A charge particle is moving in a uniform magnetic field $$(2\hat{i} + 3\hat{j}) \text{ T}$$. If it has an acceleration of $$(\alpha\hat{i} - 4\hat{j}) \text{ m s}^{-2}$$, then the value of $$\alpha$$ will be

A charged particle moves in a uniform magnetic field $$\vec{B} = (2\hat{i} + 3\hat{j}) \text{ T}$$. Its acceleration is $$\vec{a} = (\alpha\hat{i} - 4\hat{j}) \text{ m/s}^2$$. We need to find $$\alpha$$.

The magnetic force on a charged particle is given by:

$$\vec{F} = q(\vec{v} \times \vec{B})$$

Since $$\vec{F} = m\vec{a}$$, the acceleration $$\vec{a}$$ is proportional to $$\vec{v} \times \vec{B}$$.

The magnetic force is always perpendicular to the magnetic field.

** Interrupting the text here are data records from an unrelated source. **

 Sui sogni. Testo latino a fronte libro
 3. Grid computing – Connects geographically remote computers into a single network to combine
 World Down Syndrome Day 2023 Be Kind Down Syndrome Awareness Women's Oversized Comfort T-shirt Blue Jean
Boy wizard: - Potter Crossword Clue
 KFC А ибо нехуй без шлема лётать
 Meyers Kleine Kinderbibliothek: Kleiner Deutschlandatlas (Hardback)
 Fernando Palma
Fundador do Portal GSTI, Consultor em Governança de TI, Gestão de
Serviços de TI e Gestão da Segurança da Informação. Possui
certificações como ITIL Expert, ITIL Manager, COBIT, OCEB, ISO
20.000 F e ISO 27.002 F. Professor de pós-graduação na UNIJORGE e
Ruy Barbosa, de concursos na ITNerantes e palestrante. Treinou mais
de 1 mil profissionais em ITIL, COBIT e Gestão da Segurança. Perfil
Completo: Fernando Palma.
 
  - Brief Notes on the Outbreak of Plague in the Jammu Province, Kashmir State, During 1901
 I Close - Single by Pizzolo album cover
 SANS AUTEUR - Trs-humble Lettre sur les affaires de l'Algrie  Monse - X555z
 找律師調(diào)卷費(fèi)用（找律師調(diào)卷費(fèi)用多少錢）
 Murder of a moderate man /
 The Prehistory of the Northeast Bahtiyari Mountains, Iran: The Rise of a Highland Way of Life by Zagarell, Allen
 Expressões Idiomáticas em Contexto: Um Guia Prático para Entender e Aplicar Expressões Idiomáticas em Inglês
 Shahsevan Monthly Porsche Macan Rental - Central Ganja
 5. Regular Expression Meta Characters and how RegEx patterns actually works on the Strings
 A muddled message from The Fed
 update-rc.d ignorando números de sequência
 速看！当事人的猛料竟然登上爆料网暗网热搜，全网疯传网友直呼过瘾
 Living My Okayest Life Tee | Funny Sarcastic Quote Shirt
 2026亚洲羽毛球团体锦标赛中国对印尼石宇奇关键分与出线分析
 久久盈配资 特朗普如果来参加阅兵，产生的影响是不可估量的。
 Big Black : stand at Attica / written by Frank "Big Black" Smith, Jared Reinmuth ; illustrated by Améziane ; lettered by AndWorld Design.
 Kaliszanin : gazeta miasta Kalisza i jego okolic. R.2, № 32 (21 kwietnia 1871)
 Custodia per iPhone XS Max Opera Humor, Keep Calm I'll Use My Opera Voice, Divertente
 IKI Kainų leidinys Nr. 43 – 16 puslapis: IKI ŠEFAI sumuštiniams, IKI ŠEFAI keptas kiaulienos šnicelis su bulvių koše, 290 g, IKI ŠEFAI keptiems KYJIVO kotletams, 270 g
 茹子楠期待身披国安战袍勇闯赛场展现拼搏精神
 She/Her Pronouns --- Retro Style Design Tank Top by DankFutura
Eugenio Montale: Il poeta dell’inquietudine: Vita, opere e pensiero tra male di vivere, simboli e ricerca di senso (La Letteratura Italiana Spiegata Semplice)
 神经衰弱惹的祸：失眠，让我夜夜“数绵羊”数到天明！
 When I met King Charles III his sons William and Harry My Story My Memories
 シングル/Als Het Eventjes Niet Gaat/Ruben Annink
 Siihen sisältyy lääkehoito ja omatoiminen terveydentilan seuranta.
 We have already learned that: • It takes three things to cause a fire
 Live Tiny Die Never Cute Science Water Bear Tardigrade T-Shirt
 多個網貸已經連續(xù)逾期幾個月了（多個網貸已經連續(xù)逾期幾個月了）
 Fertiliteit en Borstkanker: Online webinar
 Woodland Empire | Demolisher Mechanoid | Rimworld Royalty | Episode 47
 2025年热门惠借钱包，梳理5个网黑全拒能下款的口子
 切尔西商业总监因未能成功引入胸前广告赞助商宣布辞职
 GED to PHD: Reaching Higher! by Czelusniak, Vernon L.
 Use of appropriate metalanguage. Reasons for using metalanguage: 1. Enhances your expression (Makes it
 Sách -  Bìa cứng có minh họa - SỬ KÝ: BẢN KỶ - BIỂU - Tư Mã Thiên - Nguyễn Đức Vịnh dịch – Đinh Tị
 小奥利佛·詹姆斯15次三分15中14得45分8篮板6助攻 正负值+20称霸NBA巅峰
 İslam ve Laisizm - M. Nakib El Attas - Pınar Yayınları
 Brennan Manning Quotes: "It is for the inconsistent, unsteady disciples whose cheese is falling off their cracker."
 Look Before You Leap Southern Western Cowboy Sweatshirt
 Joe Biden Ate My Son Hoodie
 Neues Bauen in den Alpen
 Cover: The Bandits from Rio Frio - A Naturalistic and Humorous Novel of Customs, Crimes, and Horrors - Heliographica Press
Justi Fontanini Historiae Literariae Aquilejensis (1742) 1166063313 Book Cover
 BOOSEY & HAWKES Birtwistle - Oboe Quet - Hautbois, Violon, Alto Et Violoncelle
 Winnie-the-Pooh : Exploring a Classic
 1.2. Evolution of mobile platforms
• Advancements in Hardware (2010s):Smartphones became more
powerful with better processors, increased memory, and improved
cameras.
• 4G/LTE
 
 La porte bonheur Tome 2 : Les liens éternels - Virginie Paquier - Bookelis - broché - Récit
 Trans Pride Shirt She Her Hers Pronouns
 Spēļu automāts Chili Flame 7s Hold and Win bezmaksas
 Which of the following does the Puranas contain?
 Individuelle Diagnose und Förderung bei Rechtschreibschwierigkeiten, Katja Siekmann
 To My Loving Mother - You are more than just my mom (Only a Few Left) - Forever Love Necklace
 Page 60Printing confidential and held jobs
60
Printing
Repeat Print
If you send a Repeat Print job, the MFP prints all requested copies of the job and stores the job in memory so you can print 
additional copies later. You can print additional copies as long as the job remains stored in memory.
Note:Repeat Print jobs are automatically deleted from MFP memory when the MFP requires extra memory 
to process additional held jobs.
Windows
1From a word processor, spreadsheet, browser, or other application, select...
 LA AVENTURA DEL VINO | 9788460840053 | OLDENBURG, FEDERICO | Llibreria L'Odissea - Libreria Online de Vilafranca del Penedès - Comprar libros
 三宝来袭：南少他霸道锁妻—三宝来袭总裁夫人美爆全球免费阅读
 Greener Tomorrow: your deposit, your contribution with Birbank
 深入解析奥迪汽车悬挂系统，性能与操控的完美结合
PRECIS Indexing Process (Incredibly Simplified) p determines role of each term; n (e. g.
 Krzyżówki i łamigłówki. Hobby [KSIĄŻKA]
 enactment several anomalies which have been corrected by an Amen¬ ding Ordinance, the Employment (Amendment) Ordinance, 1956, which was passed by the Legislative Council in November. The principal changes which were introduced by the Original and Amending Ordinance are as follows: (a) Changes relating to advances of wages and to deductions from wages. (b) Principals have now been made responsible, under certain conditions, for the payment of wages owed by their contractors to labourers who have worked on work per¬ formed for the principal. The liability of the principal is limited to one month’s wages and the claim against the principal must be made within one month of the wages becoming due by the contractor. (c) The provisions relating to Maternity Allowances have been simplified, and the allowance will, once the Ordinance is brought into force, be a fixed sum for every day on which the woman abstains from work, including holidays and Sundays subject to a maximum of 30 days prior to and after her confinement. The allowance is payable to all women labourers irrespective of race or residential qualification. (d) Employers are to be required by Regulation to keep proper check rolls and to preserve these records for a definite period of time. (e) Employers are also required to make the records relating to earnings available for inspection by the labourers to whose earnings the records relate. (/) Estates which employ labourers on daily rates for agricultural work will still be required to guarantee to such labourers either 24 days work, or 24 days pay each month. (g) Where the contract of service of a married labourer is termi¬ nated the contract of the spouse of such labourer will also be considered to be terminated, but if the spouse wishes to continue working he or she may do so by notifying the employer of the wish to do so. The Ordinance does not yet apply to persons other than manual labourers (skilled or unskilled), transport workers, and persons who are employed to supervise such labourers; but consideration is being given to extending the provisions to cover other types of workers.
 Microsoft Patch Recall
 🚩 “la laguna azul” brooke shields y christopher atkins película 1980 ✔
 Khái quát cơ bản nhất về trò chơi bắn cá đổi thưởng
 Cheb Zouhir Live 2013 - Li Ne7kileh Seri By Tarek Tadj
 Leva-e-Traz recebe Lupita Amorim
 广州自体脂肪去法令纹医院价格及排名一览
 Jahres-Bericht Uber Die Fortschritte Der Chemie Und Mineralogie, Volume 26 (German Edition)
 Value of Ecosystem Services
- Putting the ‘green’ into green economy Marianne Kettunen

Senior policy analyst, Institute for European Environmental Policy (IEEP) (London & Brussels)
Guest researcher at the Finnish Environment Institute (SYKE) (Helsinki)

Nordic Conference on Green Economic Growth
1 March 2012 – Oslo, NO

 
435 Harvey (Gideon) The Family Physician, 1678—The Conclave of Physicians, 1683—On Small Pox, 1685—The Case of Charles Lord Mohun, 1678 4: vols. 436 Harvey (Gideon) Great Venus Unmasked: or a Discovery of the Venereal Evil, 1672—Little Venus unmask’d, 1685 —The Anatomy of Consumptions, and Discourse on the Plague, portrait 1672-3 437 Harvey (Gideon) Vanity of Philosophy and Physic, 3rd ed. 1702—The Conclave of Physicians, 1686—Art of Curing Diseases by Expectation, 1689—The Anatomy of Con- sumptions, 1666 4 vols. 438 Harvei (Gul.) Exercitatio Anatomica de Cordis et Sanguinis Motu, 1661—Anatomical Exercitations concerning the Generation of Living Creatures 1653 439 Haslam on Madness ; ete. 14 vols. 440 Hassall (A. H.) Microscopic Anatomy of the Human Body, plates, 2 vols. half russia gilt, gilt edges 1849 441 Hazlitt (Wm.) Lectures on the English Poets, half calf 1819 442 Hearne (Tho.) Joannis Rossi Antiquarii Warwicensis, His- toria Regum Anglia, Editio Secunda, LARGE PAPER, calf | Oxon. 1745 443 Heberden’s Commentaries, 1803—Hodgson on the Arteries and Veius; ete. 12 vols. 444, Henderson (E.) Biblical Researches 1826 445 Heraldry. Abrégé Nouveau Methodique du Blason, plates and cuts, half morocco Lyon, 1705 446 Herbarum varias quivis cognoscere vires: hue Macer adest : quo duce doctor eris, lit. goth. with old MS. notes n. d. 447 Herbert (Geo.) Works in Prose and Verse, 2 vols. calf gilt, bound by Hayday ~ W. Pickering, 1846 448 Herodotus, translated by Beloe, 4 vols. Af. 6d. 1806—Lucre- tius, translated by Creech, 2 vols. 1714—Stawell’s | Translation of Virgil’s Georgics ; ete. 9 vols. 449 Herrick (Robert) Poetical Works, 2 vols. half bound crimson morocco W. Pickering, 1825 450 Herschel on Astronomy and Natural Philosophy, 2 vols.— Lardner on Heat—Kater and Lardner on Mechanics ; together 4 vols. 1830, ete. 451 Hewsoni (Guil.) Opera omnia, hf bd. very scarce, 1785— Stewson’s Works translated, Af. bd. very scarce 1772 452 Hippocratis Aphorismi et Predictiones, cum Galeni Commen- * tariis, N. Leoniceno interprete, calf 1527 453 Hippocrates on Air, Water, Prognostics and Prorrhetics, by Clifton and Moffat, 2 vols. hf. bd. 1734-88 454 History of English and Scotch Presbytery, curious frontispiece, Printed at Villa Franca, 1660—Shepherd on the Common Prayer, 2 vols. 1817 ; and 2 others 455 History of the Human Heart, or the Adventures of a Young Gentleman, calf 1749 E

Therefore, the acceleration must also be perpendicular to $$\vec{B}$$:

$$\vec{a} \cdot \vec{B} = 0$$

$$(\alpha\hat{i} - 4\hat{j}) \cdot (2\hat{i} + 3\hat{j}) = 0$$

$$2\alpha + (-4)(3) = 0$$

$$2\alpha - 12 = 0$$

$$\alpha = 6$$

The correct answer is Option B: $$6$$.